**What you are asked to do:** Below are records; please set down exactly the lines from the first through the one containing "Radiant Cut Three".

<<<<

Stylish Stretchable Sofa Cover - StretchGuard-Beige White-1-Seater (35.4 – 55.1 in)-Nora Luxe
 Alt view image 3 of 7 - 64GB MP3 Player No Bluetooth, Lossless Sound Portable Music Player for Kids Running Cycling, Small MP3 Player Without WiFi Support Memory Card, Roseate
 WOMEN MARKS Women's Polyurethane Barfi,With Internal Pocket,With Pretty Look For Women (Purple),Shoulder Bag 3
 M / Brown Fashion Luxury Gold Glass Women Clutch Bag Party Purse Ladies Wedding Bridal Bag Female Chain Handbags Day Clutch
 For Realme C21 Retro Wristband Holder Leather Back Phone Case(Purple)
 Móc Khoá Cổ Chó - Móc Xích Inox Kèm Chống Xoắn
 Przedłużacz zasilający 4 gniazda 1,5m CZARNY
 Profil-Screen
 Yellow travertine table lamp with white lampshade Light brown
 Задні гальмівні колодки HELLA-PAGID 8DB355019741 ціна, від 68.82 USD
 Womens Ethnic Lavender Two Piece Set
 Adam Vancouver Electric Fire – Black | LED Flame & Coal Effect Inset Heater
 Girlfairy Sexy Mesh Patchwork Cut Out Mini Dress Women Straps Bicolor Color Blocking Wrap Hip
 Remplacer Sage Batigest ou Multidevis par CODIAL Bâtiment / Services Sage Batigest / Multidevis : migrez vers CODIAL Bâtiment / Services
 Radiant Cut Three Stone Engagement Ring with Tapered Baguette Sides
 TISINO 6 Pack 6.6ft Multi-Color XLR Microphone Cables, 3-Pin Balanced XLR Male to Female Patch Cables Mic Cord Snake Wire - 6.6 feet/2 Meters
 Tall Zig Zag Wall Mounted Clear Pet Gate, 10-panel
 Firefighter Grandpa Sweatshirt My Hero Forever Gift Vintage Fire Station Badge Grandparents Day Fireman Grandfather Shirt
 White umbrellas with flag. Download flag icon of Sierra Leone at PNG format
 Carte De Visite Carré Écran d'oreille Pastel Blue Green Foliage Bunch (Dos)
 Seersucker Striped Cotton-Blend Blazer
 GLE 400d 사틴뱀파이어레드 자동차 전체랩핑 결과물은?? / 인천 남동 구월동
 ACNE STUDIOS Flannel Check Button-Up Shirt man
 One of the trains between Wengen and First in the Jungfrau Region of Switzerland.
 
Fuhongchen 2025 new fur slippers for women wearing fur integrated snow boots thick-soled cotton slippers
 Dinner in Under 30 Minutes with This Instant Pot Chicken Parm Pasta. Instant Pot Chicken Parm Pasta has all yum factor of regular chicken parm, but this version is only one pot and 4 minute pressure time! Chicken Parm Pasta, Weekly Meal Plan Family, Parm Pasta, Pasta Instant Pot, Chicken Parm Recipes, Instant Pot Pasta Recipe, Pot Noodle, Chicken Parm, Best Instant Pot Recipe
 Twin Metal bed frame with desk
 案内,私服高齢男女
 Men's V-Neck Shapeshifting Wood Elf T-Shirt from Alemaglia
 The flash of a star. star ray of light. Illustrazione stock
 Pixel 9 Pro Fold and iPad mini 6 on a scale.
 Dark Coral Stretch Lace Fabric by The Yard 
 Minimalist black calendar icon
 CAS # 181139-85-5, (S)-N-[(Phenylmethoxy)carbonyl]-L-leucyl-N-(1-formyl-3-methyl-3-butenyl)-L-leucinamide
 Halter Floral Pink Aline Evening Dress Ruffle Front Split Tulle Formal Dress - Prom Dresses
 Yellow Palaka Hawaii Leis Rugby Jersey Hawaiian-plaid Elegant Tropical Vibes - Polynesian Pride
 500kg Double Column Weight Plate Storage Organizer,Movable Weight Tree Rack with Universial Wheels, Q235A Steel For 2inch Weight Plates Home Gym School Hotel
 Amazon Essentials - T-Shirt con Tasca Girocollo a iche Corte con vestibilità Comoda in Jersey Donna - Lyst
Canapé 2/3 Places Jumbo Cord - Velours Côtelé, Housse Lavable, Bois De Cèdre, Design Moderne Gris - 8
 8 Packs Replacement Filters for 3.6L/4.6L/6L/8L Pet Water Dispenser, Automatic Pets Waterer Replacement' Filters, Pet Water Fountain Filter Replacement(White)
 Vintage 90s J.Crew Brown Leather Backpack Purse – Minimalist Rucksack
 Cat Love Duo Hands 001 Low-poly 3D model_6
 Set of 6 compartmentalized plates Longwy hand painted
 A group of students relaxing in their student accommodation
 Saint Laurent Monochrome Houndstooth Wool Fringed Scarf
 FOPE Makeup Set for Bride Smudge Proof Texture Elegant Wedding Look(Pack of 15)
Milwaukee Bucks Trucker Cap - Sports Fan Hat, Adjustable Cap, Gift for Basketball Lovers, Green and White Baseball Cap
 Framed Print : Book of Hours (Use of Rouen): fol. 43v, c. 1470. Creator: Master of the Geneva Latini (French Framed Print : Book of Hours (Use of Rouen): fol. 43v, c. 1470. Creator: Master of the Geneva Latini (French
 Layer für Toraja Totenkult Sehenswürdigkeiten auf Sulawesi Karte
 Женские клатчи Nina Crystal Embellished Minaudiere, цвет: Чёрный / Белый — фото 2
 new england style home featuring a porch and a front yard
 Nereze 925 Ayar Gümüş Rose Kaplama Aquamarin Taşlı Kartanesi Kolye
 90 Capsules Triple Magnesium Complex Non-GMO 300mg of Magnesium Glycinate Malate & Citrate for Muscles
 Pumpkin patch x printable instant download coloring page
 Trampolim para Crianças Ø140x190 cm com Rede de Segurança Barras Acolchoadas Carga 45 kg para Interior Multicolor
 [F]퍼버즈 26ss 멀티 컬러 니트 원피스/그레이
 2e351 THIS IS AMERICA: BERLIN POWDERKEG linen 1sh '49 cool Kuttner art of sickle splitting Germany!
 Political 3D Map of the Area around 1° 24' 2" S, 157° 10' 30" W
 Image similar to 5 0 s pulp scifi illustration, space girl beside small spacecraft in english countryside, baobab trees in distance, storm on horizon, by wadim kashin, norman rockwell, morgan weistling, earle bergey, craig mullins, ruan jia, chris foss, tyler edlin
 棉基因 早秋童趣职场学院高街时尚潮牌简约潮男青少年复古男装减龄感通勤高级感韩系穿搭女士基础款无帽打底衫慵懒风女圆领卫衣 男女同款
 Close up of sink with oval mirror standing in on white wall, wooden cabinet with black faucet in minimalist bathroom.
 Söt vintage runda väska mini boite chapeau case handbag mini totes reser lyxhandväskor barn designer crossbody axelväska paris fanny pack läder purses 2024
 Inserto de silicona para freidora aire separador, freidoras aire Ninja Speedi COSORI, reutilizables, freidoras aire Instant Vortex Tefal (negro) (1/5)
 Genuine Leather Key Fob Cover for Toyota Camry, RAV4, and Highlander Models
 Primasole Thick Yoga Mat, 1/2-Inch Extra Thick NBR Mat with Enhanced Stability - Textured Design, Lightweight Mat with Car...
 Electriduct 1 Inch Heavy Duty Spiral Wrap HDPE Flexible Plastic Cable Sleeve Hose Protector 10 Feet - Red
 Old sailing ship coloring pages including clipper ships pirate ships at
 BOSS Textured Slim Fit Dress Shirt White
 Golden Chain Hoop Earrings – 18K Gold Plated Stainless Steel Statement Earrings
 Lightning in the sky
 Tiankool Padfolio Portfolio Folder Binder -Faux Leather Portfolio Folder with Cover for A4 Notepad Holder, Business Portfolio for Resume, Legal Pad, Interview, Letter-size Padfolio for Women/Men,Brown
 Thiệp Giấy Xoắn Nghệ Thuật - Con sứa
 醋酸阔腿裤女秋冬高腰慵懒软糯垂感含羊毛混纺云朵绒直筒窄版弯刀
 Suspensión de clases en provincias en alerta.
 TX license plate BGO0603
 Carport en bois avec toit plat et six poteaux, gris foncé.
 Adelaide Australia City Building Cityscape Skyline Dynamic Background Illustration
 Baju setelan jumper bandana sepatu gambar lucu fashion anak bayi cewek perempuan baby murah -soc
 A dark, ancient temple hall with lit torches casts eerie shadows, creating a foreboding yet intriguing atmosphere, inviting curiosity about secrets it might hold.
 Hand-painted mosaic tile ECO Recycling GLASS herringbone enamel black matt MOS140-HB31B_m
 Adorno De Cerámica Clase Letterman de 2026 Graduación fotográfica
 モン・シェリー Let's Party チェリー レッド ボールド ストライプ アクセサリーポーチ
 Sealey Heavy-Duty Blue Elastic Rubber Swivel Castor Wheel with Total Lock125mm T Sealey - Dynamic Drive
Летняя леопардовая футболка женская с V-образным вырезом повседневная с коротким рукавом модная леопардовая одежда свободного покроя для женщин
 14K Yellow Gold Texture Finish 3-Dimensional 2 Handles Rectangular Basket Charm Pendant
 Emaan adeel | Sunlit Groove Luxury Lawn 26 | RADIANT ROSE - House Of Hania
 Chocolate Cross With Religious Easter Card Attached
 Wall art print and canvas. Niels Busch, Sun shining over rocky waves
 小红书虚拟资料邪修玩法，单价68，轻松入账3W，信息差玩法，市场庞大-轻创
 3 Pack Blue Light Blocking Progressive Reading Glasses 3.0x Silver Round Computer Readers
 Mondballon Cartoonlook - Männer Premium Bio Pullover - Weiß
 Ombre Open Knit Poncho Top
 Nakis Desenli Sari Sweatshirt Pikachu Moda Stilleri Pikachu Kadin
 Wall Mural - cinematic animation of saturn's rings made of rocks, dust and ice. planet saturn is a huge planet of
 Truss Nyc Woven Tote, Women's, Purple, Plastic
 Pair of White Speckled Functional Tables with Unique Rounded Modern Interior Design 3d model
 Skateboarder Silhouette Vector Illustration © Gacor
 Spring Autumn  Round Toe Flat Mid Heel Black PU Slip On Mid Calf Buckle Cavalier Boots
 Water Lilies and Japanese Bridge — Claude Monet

>>>>

**Answer section:**
Stylish Stretchable Sofa Cover - StretchGuard-Beige White-1-Seater (35.4 – 55.1 in)-Nora Luxe
 Alt view image 3 of 7 - 64GB MP3 Player No Bluetooth, Lossless Sound Portable Music Player for Kids Running Cycling, Small MP3 Player Without WiFi Support Memory Card, Roseate
 WOMEN MARKS Women's Polyurethane Barfi,With Internal Pocket,With Pretty Look For Women (Purple),Shoulder Bag 3
 M / Brown Fashion Luxury Gold Glass Women Clutch Bag Party Purse Ladies Wedding Bridal Bag Female Chain Handbags Day Clutch
 For Realme C21 Retro Wristband Holder Leather Back Phone Case(Purple)
 Móc Khoá Cổ Chó - Móc Xích Inox Kèm Chống Xoắn
 Przedłużacz zasilający 4 gniazda 1,5m CZARNY
 Profil-Screen
 Yellow travertine table lamp with white lampshade Light brown
 Задні гальмівні колодки HELLA-PAGID 8DB355019741 ціна, від 68.82 USD
 Womens Ethnic Lavender Two Piece Set
 Adam Vancouver Electric Fire – Black | LED Flame & Coal Effect Inset Heater
 Girlfairy Sexy Mesh Patchwork Cut Out Mini Dress Women Straps Bicolor Color Blocking Wrap Hip
 Remplacer Sage Batigest ou Multidevis par CODIAL Bâtiment / Services Sage Batigest / Multidevis : migrez vers CODIAL Bâtiment / Services
 Radiant Cut Three Stone Engagement Ring with Tapered Baguette Sides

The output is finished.